M.F. : Pour comprendre l’intimité profonde qui est la mienne avec l’œuvre de Georg Trakl, le mieux serait peut-être de lire, en regard de mon livre de traductions et de commentaires de l’œuvre du poète autrichien (Les Chants de l’Enténébré), le poème « Cri 2 / Mineur de la mémoire » dans mon livre Sur un piano de paille. Ce poème révèle par bribes que, dans l’enfance, voyant sans cesse mon père écrire autour d’un mystérieux Georg, j’ai d’abord cru que ce Georg était un fils plus âgé de mon père, qui allait sur sa tombe à Salzbourg tous les 3 novembre, jour de son décès. Ce n’est que beaucoup plus tard que j’ai compris que mon père, Adrien Finck, écrivait une thèse pionnière sur l’œuvre de Georg Trakl. À cause de mes fabulations à propos de ce Georg, j’ai très tôt entretenu des rapports pour ainsi dire consanguins avec lui.

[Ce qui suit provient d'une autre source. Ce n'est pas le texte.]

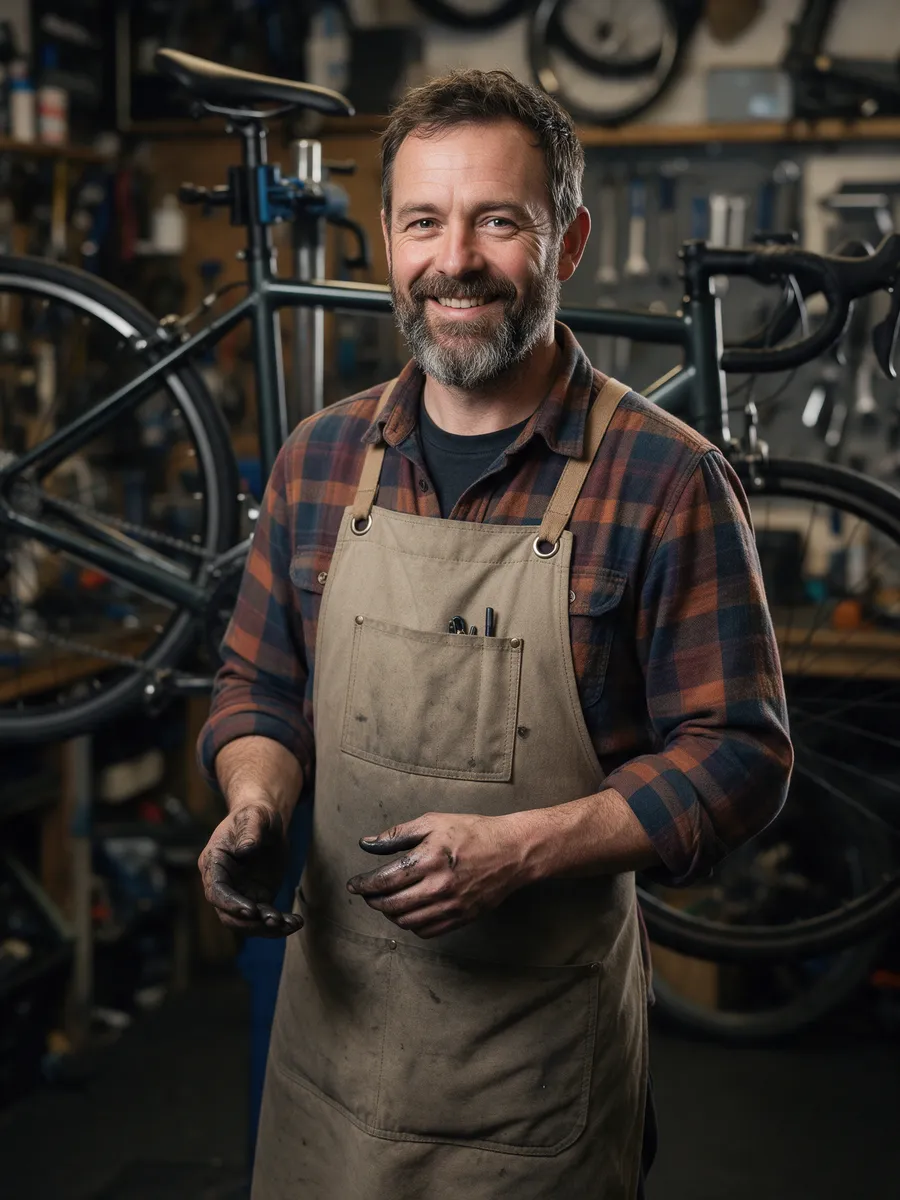 Huw Pritchard, a bearded man in his late forties in a plaid shirt and a canvas workshop apron, smiling in a bike workshop with bikes on stands behind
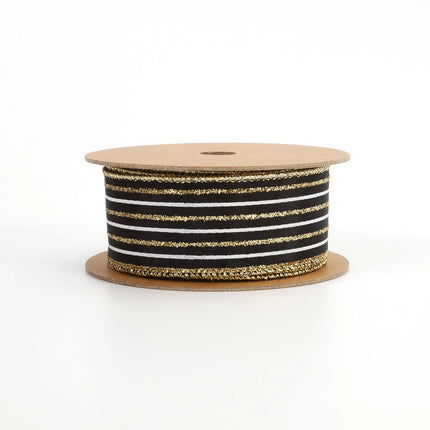 1 1/2" Wired Ribbon | "Glitter Striped" Black/White/Gold | 10 Yard Roll LaRibbons and Crafts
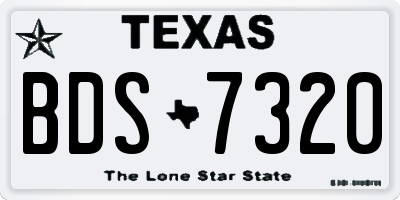 TX license plate BDS7320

Lorsque mon père m’a finalement éclairé sur l’identité de Georg, cela a été aussitôt pour me dire qu’il fallait traduire Georg Trakl en français et pour me faire comprendre que c’était un devoir qui m’incomberait tôt ou tard. De son vivant, et avec ses conseils de germaniste, j’ai traduit plusieurs poèmes pour des revues françaises et autrichiennes. Mais ce n’est que dix ans après la mort de mon père que, taraudée par une forme de culpabilité et un désir d’accomplir enfin mon devoir, j’ai fini par traduire un certain nombre de poèmes significatifs de Trakl et par les accompagner d’une longue préface et d’une postface sur la traduction.

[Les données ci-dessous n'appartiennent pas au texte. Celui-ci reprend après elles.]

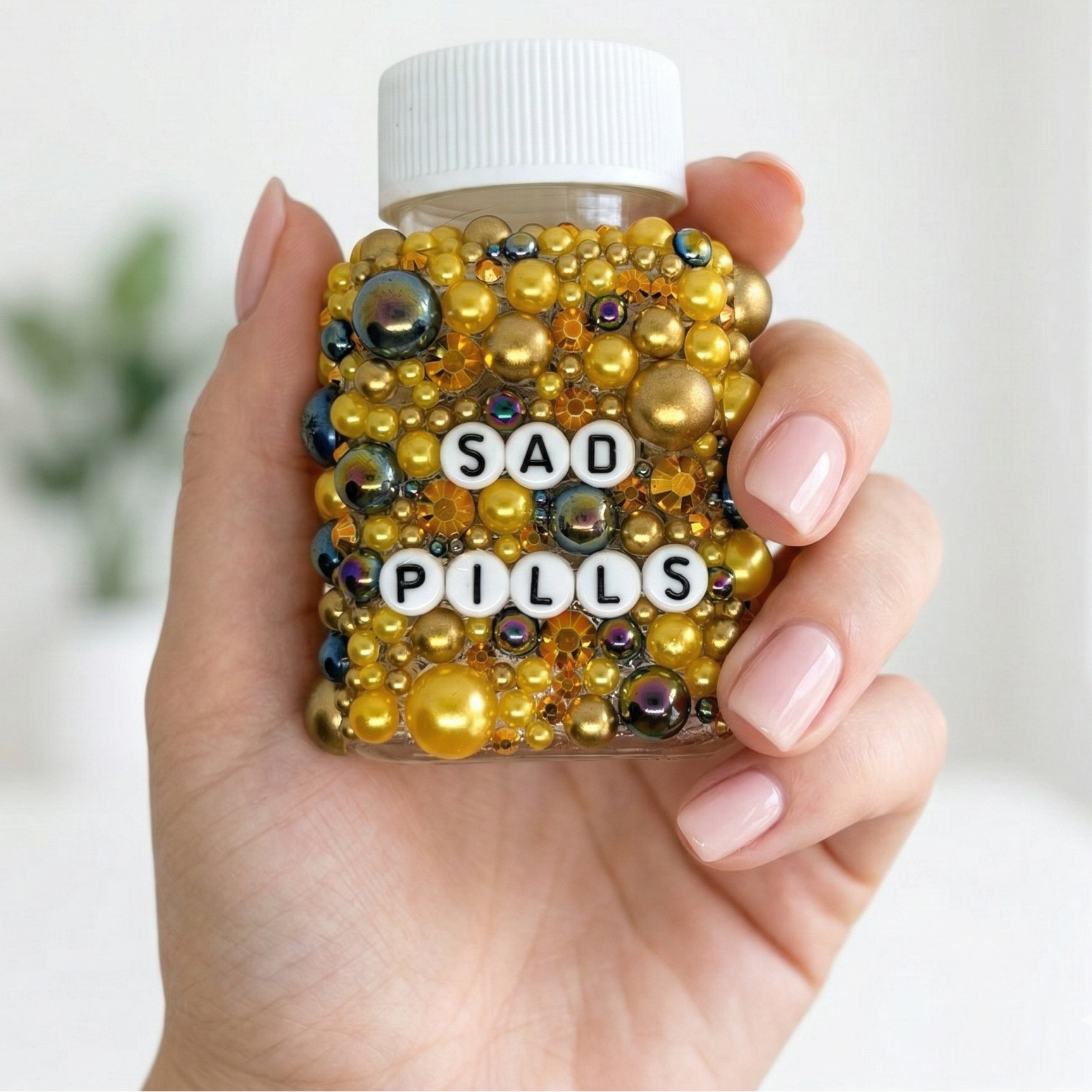 Funny decorative pill bottles with sarcastic humour. Empty prescription-style containers in custom colours. A perfect mental health or chronic illness gift.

Jusqu’à aujourd’hui, quand je traduis Trakl ou écris sur lui, j’ai la mémoire du demi-frère mort qu’il a été pour moi dans l’enfance. Comment pourrais-je ne pas m’identifier, d’une façon ou d’une autre, à cette « sœur » (« Schwester ») qui hante l’œuvre de ce poète autrichien ? D’ailleurs, au début de ma carrière universitaire, je faisais cours sur la poésie de Trakl avec le sentiment de parler de quelqu’un comme un grand frère, alors que maintenant, avec l’âge, me reste la sensation vague de faire cours sur l’œuvre d’un petit frère défunt. En tous cas, il y a des liens de sang entre ce poète et moi, dont la présence hante à la fois Sur un piano de paille et La Ballade des hommes-nuages. Trakl appartient à ma mythologie personnelle.

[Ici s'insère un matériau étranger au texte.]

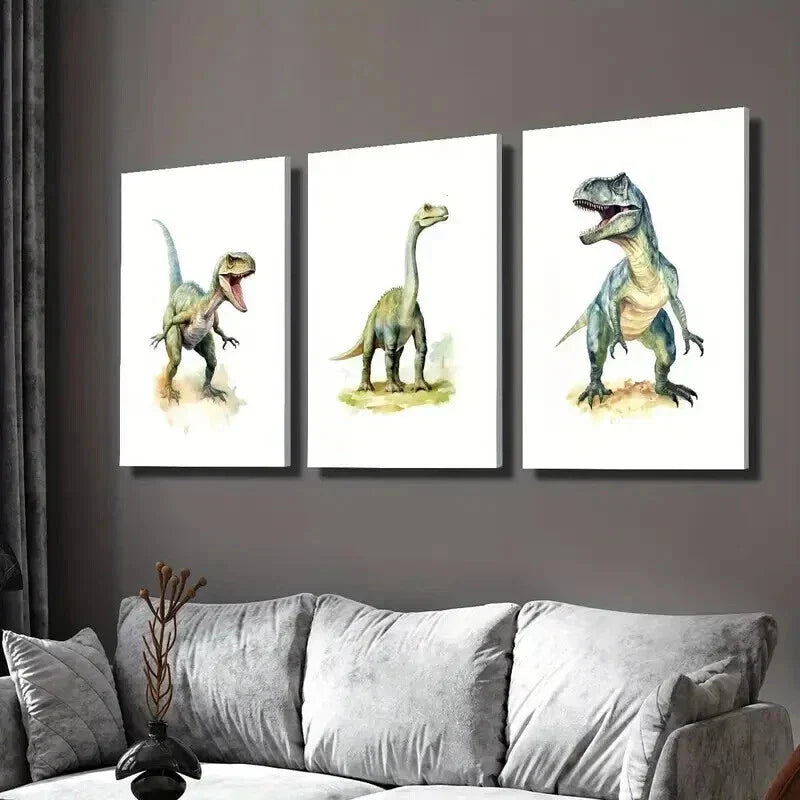 3pcs Tyrannosaurus Rex Velociraptor Illustration Wall Art Set Canvas Framed 40x60cm - High Quality Print 100% Australian Made Wall Canvas Ready to Hang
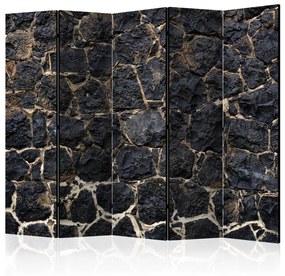 Paravento design Tramonto di pietra II - texture architettonica di pietra nera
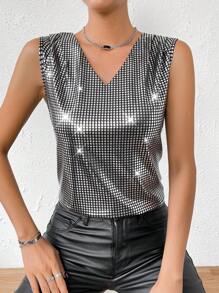 EMERY ROSE Top tank de cuello V con lentejuelas - Plateado - Ver 5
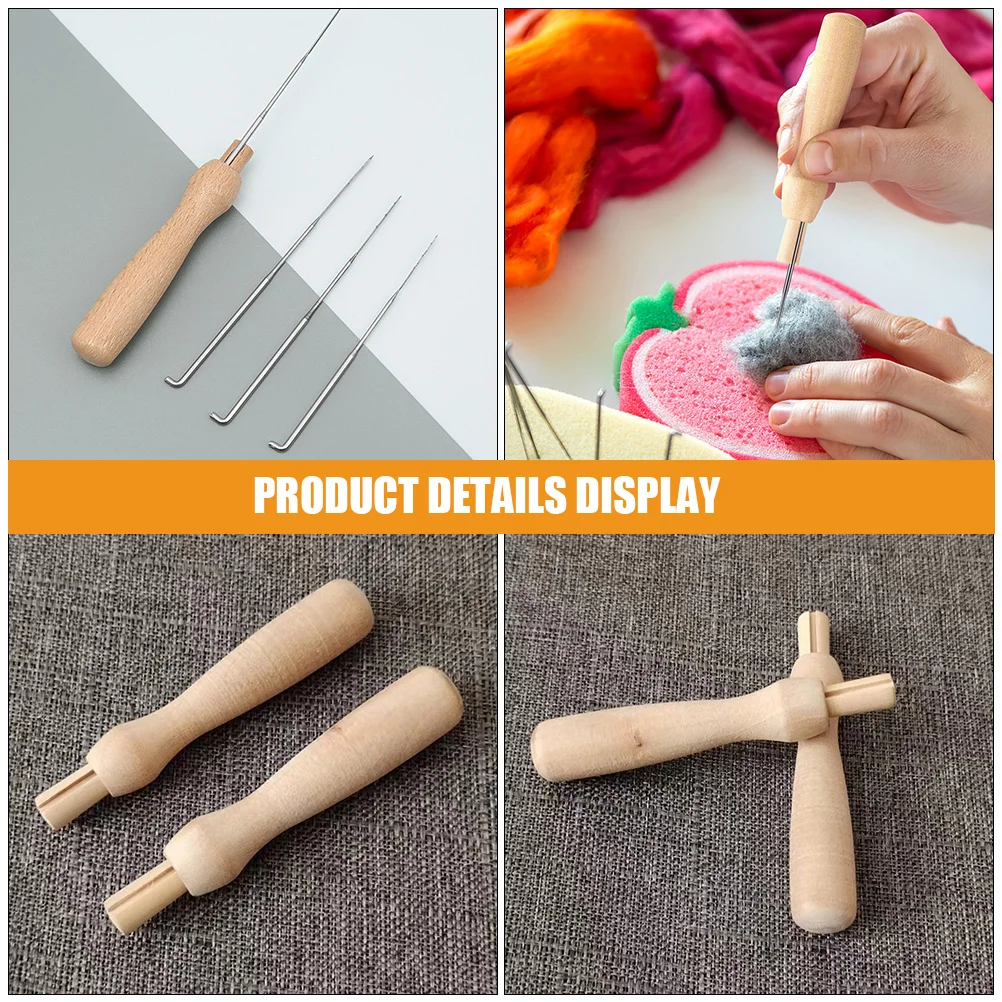 

15pcs Wool Wood Handle Replacement For Felting Craft Supplies Needle Felting Tools Handles Felt Needle Tool Kit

I.L. : Votre père, Adrien Finck, était lui-même spécialiste de Trakl. Vous évoquez le « mutisme » de ce père qui vous a transmis son amour de la poésie dans différentes langues. Pouvez-vous expliquer comment vous entendez ce « mutisme » ? Parler plusieurs langues peut-il entraver la parole ?
Vous-même, née entre français, allemand et alsacien, pratiquant également d’autres langues, en ressentez-vous des conséquences sur les constructions syntaxiques de vos poèmes ou sur le choix du lexique ?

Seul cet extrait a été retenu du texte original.